Shifen (十分), Jiufen (九份). Sap-hoon, kiu-hoon. Chap-hoon, kau-hoon. Ten portions, nine portions. That was how those two places on the Taiwanese map got their names. The story goes that originally there were 10 families living in Shifen and nine families in Jiufen. Whenever supplies arrived, they were divided into 10 and nine portions respectively for distribution to these families. Amazing that these settlements were named after this practical method of ensuring equitable distribution of resources.
In Jiufen, the reason for people settling there more than a hundred years ago was the prospecting of gold in the highlands. The gold rush lasted several decades from the 1890s till the 1970s. When the last mine shut. the town quickly went into decline and was mostly forgotten. Jiufen experienced a surge in tourism during the early 1990s as a result of it being the location for a local film, which ultimately transformed the place into a popular tourist destination centering on their Old Street. Soon, retro Chinese-style cafes, traditional tea houses and souvenir shops sprung up.
After Shifen, a 45-minute bus ride took us to the Jiufen Old Street.
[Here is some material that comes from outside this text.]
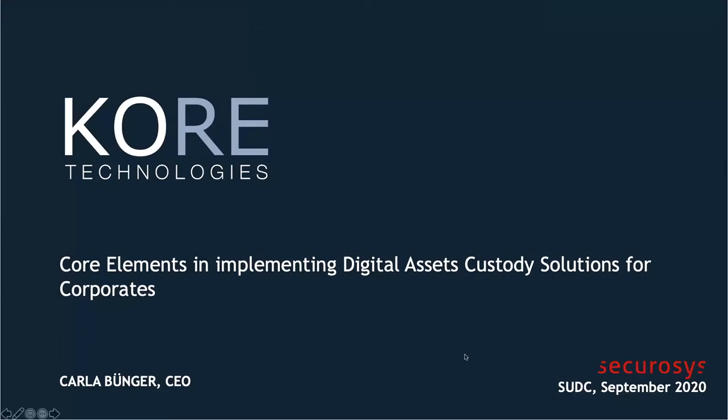Good morning and thank you for the opportunity to talk to you today. I'm representing my co-founder and business partner Thomas, who is certainly the more technical person to do this in front of you, who are also technical people. I will try to answer your questions as best I can, but I'm a salesperson, so I will try not to sell anything today but at least show you what Thomas has built and maybe inspire you to do the same or use some parts of it. My presentation today is about core elements on implementing a digital assets custody solution for corporates.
Although the guide told us that there would be steps to climb, nothing prepared us for the endless number that confronted us. After a while, I simply lost count of the number of steps. Our attention was diverted to the activities around us. Lining the old passageways on the hilly slopes were shophouses offering various types of Taiwanese street food. There were restaurants, coffee joints and souvenir shops. People were darting in and out of these shops. We asked and were taken to visit a tea shop. We had our taro balls while enjoying our view of the Shen-ao bay in the far distance. And soon, we had to make our way back to the parking lot. Down the countless steps again, this time walking more gingerly than when we walked up. All in, an interesting afternoon.